I always thought I’d have two kids. There’s something about only having one that seems lonely, and when you get to three…well, the kids start to outnumber the parents and that seems like more than I could handle.
[Before going any further, I would like to pause and address my mother and assure you that we have in no way made a decision to not give you any more grandchildren. Thank you everyone else for your patience.]
Two children seemed to make sense, and feel right. There really wasn’t a question of “if” we would expand our family, but rather “when.” And, sometimes, the “when” feels like “now.” Mostly within the context of, “If we just have another baby right now then we could get rid of all the boxes of maternity clothes & baby stuff in the shed.”
Recently, however, I’ve been having fleeting thoughts that make me think twice. Things just seem so…easy. I get a full nights’ rest, I don’t feel pulled in lots of directions, I can give my son all the attention I have, and we can easily provide for both today & tomorrow for our family.
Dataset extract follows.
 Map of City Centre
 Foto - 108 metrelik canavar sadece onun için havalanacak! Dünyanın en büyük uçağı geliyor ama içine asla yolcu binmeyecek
Plus, we have so much FUN! I love that he can talk to me, follow directions, and that I have the time & energy to teach him new things and watch him learn. We can go places with minimal effort. Life is full of laughs when I’m with my family. Life feels happy. Life feels normal.
I can’t help but think of how that would change with another one. But, there are still those thoughts that our family isn’t complete without four. I see pregnant women touch their bellies, and I think of my own little one kicking softly. I watch videos of our sweet little Conlan as a baby, and I want that again. I think we are good parents, and have a lot to offer another child. It seems like there are a lot of “maybe’s” floating around in my mind.
Maybe we’re meant to be a family of three.
Maybe I’ll regret not having another baby.
Maybe I won’t be a good mom to two kids.
Maybe Conlan would be a fantastic big brother.
Maybe he won’t.
Maybe I won’t be able to enjoy motherhood as much.
Maybe I’ll enjoy it more.
Maybe I’d be pushed beyond my limits.
Maybe we’d struggle financially.
Maybe I am underestimating myself.
Maybe things wouldn’t be as different as I imagine they would be.
Maybe other moms with more than one kiddo are laughing at me right now and think this is ridiculous.
Maybe you can’t really know for certain until you’re there.
Instead of wrestling with them, I have decided to take time out. To stop obsessing, planning, and making decisions. I am taking the time to honor those “maybe’s.” I want to find out if they are stirring in my soul because God put them there, or out of my own selfishness.
If we decide not to have another baby just because we imagine life would be more difficult, but the voice is not from God, it would be selfish.
If we decide to have another baby only because we “want” one, but the desire is not from God, that too is selfish.
I will be at peace, pray, and honor each of my thoughts. God will show me which He has placed in me, and which come from a place of fear and selfishness. Until then, we’ll just enjoy the family we have been given. For today, our family is complete.